Partido Os Verdes defendem investimento na linha do norte e nova estação em Santarém

Em Região

O Partido Ecologista Os Verdes afirma ter ficado “apreensivo” com o anúncio feito pelo Governo de retoma do projeto de ligação ferroviária Alta Velocidade (AV) entre Lisboa/Porto, “não por discordar no essencial da necessidade, hoje em dia, do reforço da capacidade instalada,  mas por considerar que estavam a ser equacionadas alterações nas funções da Linha do Norte que levariam a uma maior “litoralização” do país, e das quais discordam“.

Os Verdes consideram “inaceitável a possibilidade da nova linha AV, poder levar a uma “desqualificação” encapotada da Linha do Norte, ficando esta fundamentalmente vocacionada para serviços regionais, suburbanos e mercadorias, o que poria em causa as funções que hoje desempenha em relação aos distritos de Santarém, de Castelo Branco e de Portalegre e à ligação internacional (Elvas/Badajoz), na resposta que dá em transporte rápido de passageiros, na ligação ao Norte e ao Sul do país”.

“Perante a necessidade de sensibilizar o Governo para este problema, para o qual o PEV, já tinha alertado quando da  apresentação deste projecto, em 2008, e perante a necessidade de ver esclarecidas um conjunto de outras preocupações”, decorreram, por iniciativa de Os Verdes, duas  reuniões com os membros da tutela, Ministro e Secretário de Estado das Infraestruturas, (em sede de conversações sobre o OE/2021 e posteriormente). Nestas reuniões, o Partido Ecologista Os Verdes defendeu “que o Governo se comprometa com a manutenção na Linha do Norte de uma resposta ferroviária rápida e funcional (Alfas/Intercidades) e a sua articulação com a Linha AV Lisboa/Porto, por forma a que as estações de Santarém e do Entroncamento continuem e melhorem o serviço rápido de transporte de passageiros, na ligação do distrito de Santarém, do distrito de Castelo Branco (ligação com linha da Beira Baixa), do distrito de Portalegre (ligação com linha do Leste) e  na ligação internacional (Elvas/Badajoz), a Lisboa e ao Porto“.

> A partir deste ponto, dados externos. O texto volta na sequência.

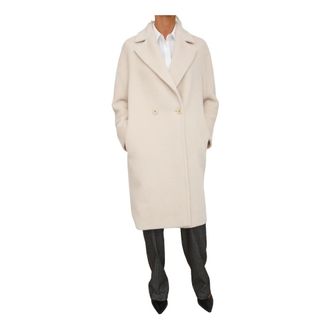 Max Mara Jassen, Dames, Wit, XL, Wol, Cappotto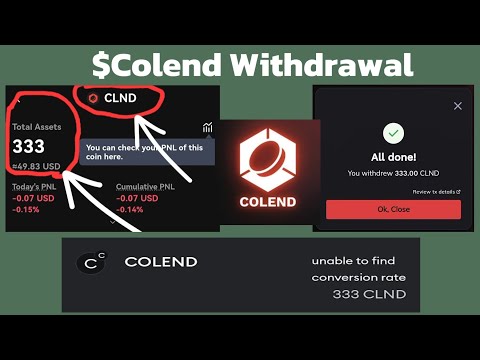 Satoshi Update: How to withdraw colend | Colend claim is now live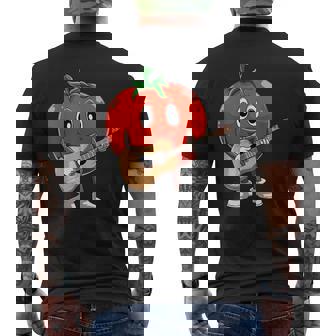 おもしろギタリスト トマト 演奏 ギター ミュージシャン トマト ギター メンズTシャツ バックプリント - Kawaiitshirt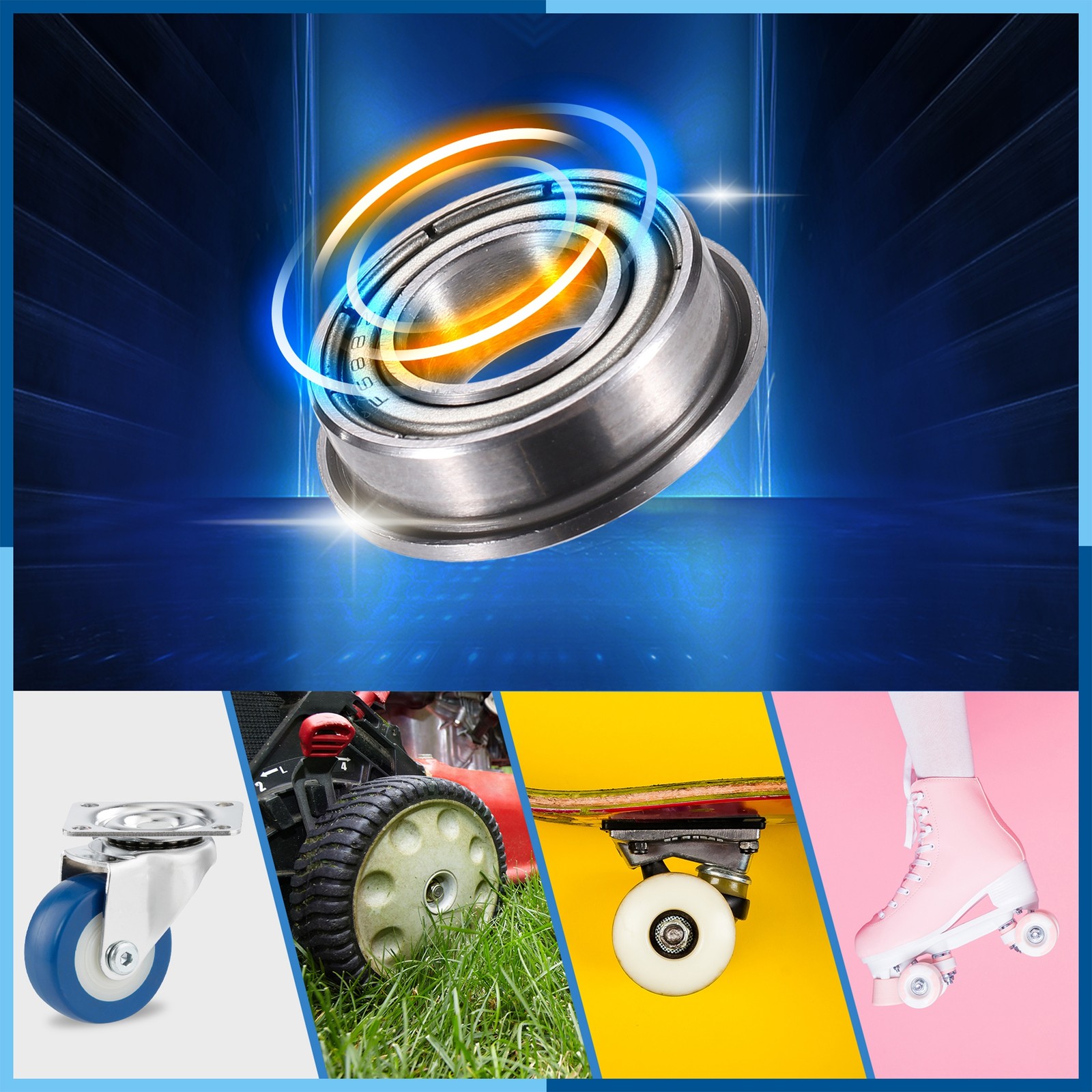 10Pcs F688ZZ 8x16x5mm Double Metal Shield Single Row Deep Groove Ball Bearing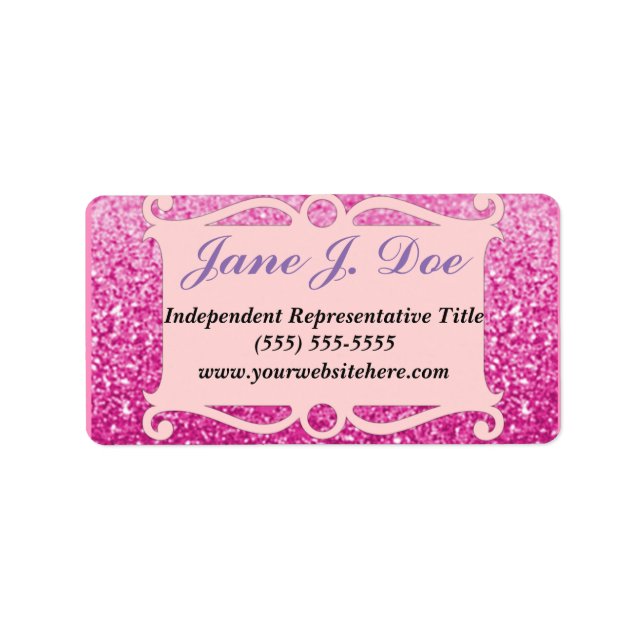 Pink Glitter Frame Brochure Sticker (Front)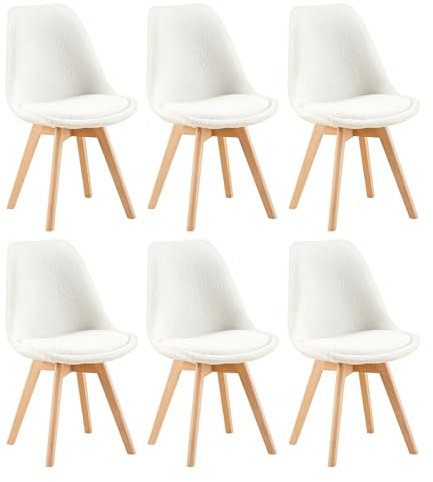 EGGREE Set de 6 Silla de Comedor Diseño Contemporáneo,Silla de Comedor de Vellón Bereber,Sillas de Cocina Nórdicas Certificadas por SGS con Asientos Acolchados y Pies de Haya de Madera Maciza,Blanco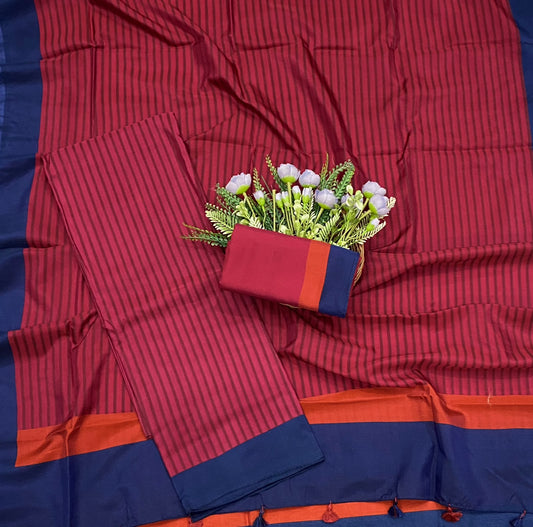 721D Pure Raw Mango Silk Red Suit Fabric/ CKC Partywear Collection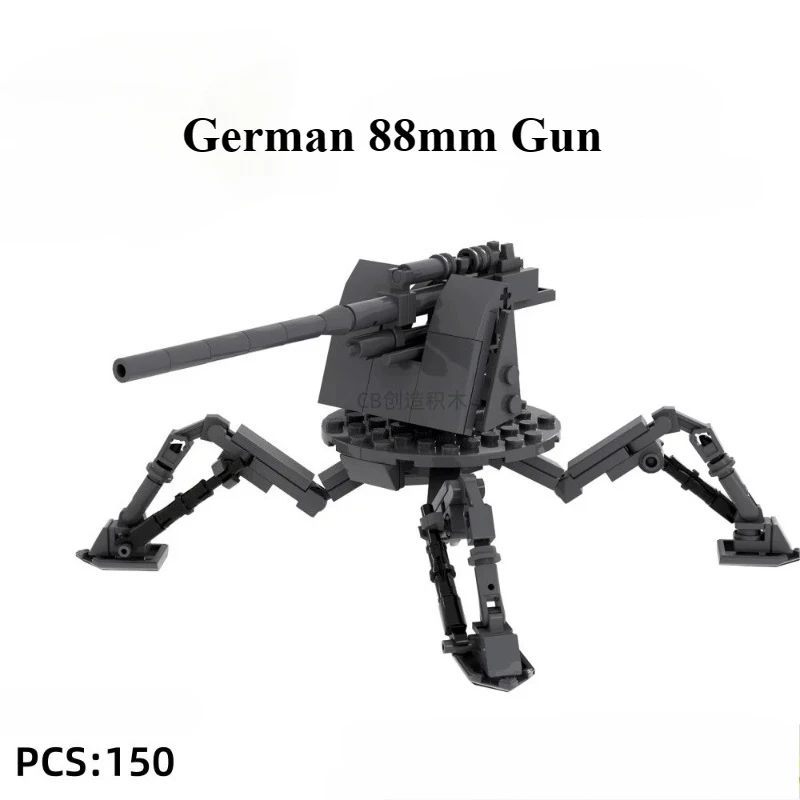 Brickmania Style WW2 MOC Building Blocks | German 88mm Gun Quadruped Mech | Compatible Small Bricks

Os Verdes querem ainda “que o Governo recoloque a construção da variante à cidade de Santarém,  retirada do PNI 2020/2030, como um investimento ferroviário prioritário, atendendo aos impactos negativos que o atual traçado provoca sobre as encostas do Planalto Scalabitano e  dos quais decorrem riscos para os moradores e monumentos ali existentes e  para a própria linha ferroviária. Estes impactos,  há muito referência  nos relatórios do LNEC e inúmeras vezes comprovados por derrocadas, tem origem na passagem dos comboios mais rápidos, com composições mais longas e mais pesados, nomeadamente os de mercadorias“. Esta foi também uma das razões pelas quais, neste troço, a velocidade do  Alfa Pendular foi sempre reduzida.

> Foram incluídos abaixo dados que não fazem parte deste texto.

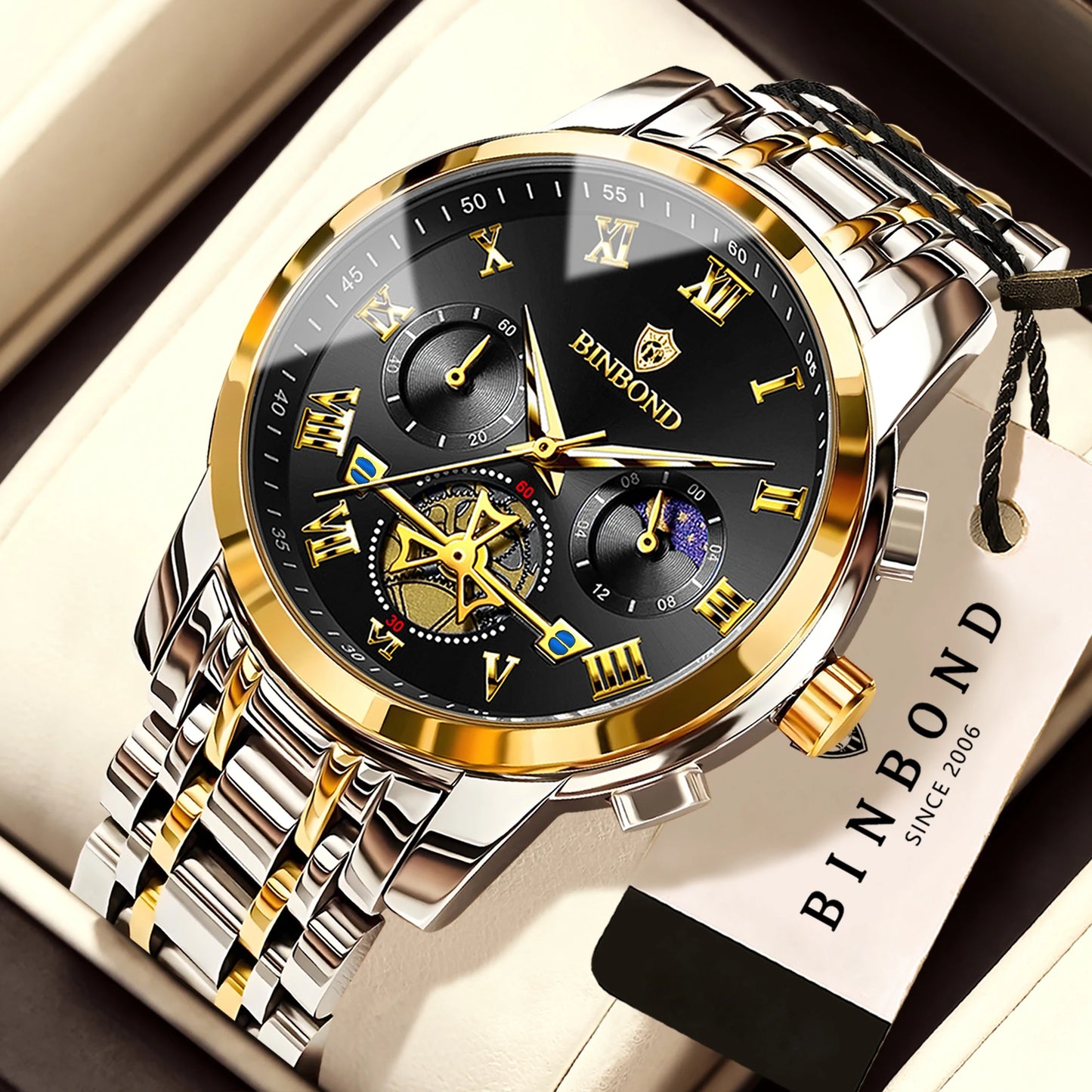 BINBOND Chronograph Men's Watches Accurate Quartz Watch For Men Luxury Luminous Waterproof StopWatch Durable Reloj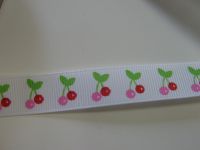 Ripsband - 16 mm - bedruckt Kirschen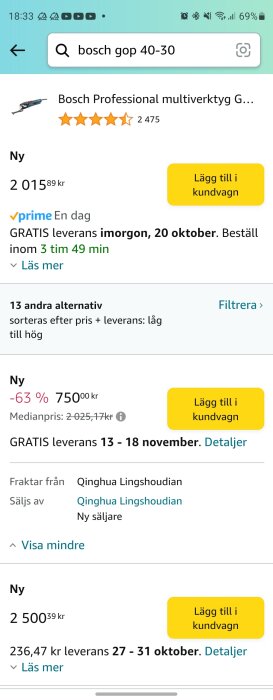 Skärmdump av online-shop, Bosch multiverktyg, olika priser, stjärnbetyg, leveransalternativ, köpknapp.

Os Verdes querem também “que seja revisto o referido traçado à cidade de Santarém, visto que o traçado que em 2008 foi adotado pela REFER, tinha impactos negativos inaceitáveis sobre a malha urbana consolidada da cidade, em concreto na Portela das Padeiras, pondo em causa a qualidade de vida das populações ali residentes“. Para além disso, consideram que “a localização da nova estação, na Portela das Padeiras, poria em causa as funções que esta estação presta a outros concelhos ribatejanos, como Almeirim, Alpiarça ou Cartaxo, pela inadequação das acessibilidades a uma zona da cidade já bastante congestionada pelo trânsito automóvel“.
Os Verdes consideram que o Plano Ferroviário Nacional, que vai ser elaborado este ano e que decorre da proposta do PEV aprovada em sede de Orçamento de estado para 2021, deve integrar todas estas preocupações e definir um calendário para a sua concretização.

Em comunicado, Os Verdes dizem que continuarão disponíveis para dialogar, mas “não podem aceitar que um novo investimento no litoral do país seja causa ou pretexto para se desinvestir nos Distritos do interior, fragilizar e desequilibrar a rede ferroviária nacional como um todo e continuar a adiar a resolução de problemas de longa data, incluindo de segurança em passagens de nível e obras de arte, em vários pontos há muito identificados e com compromissos assumidos pela Administração Central para com autarcas e populações”.